Monday, November 10, 2008

Iron Man Nostalgia

So for my birthday, I used a Best Buy gift card to get myself the "Iron Man" special edition DVD. Just finished watching the extras last night. A few observations:

Robert Downey Jr. is really cut. You wouldn't expect it. He usually seems so frothy and insubstantial on-screen.

It's fascinating (to me, at least) to see how far the stories develop from their starting points. "Iron Man" doesn't deviate from its early versions as much as, say, "Monsters Inc.," but then it had established source material to draw from. But it's fascinating to see, for instance, a long scene depicting the actors' process in preparing for a crucial scene in which the big money line ended up on the cutting room floor, if indeed it wasn't dispensed with before it was shot. It's fascinating to see early Ironmonger designs being referred to as the Crimson Dynamo (indicating possibly a completely different story direction). It's interesting to hear Jeff Bridges talk about how the villain was originally supposed to have been the Mandarin (indicating another completely different story direction).

They put an amazing amount of design detail into that suit.

It's funny how fake and flimsy some of the practical suits look in the behind the scenes footage, yet how completely convincing the illusion is in the final film. Never underestimate the power of lighting and framing and clever editing (and digital post-processing and sound effects and the list goes on).

It's funny how many people lie about being "fans" of the original property in this behind-the-scenes stuff.

And just because I'm thinking of it, a descent into nostalgia: Iron Man #1 was the first comic book I ever bought (or that my parents bought for me). I remember the occasion.
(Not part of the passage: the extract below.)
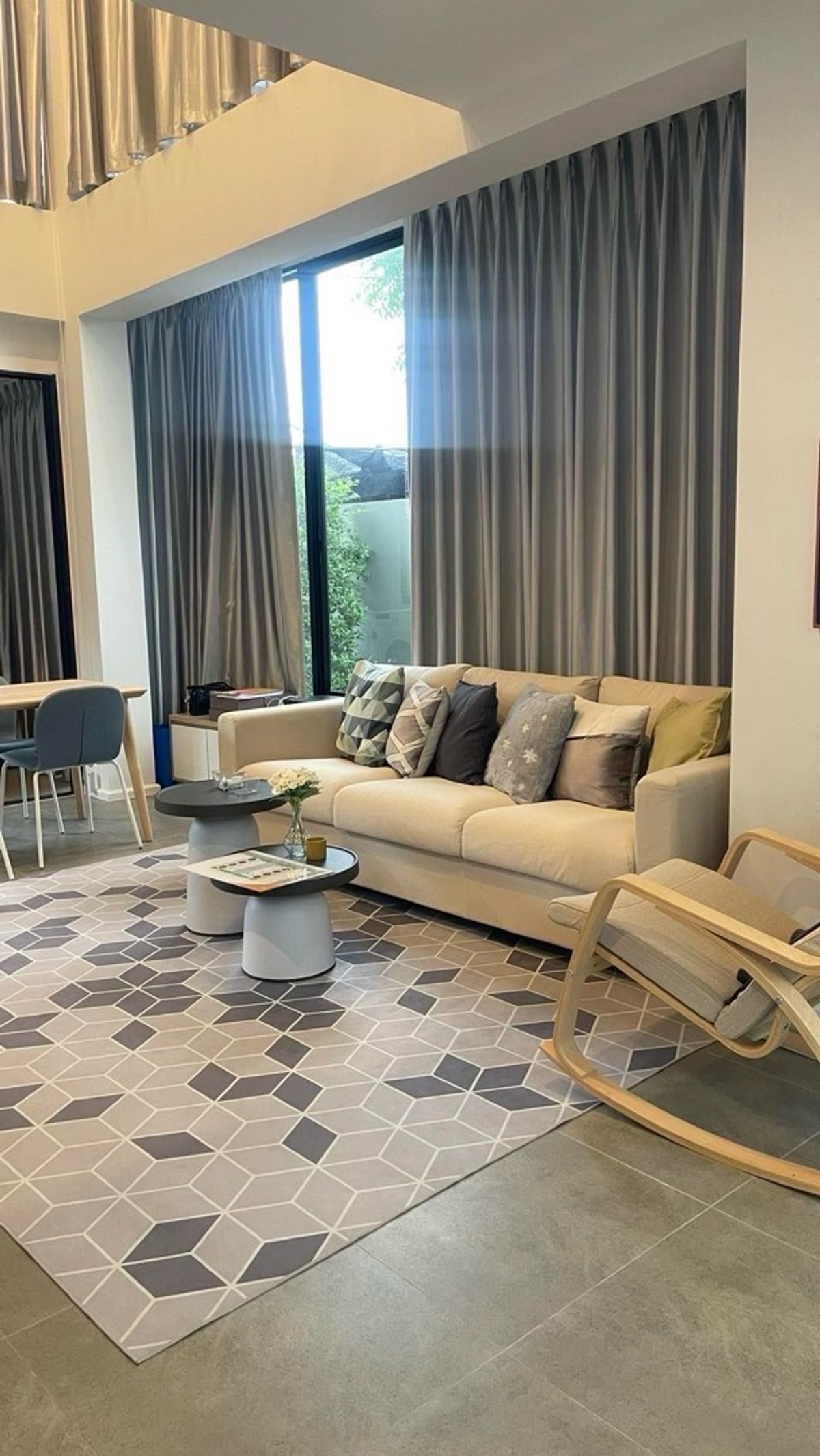 ขายทาวน์โฮมโชคชัย4 ลาดพร้าว71 : หลังสุดท้าย ‼️ ขาย Britloft Chokchai 4 ขนาด 220 Sq.m 3 bed 4 bath เพียง 10.59 MB ติดต่อ 086-795-9997 (จิมมี่)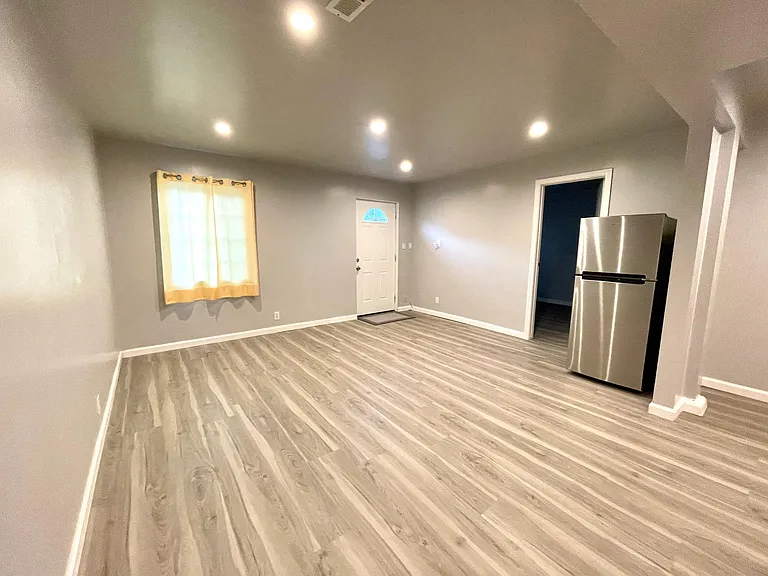 318 Morton Dr #BASEMENT — Photo 4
In early 1968, I was with my father in a Humpty Dumpty store in Oklahoma City (I think, though it may have been T.G.&Y.--whatever it was, both store and chain are extinct now--FWIW, Humpty Dumpty in Oklahoma City was also the birthplace of the shopping cart). We passed a spinner rack near the front of the store, and one of us suggested the idea of getting a comic book. Dad asked me which one I wanted, and I looked them over. I didn't know who any of the characters really were, but one caught my eye.

It featured a man in red and gold with a robotic face bursting out of some sort of metal prison on the cover, surrounded by smaller action vignettes. Even at that young age, I could tell the artwork was better than anything else on the rack. Dad looked at it and asked me if I really wanted it. Colan only averaged 4-6 panels a page, where most of the other books had 6-9. Dad expressed a concern that this comic would not give me a good panels-per-penny return (he didn't use that literal language, but it was something like "don't you want one with more pictures?").

Nope, I was set, and only Iron Man would do. As it turns out, it was not the best choice. Iron Man's adventures had been running for several years in Tales of Suspense, so even though this issue was numbered "1," it picked up in the middle of a storyline. Iron Man, weakened from a several issue battle against the Maggia crime syndicate including the villain Whiplash, has been captured by AIM, who analyze his armor and create a duplicate set. No wonder I'm so tired of the "hero has to fight his evil twin" trope; it was in the first comic I ever read. But the comic didn't leave a strong impact, because I didn't know anything about the hero or the villains. The story started in the middle and ended on a cliffhanger, so I got neither a beginning nor an ending.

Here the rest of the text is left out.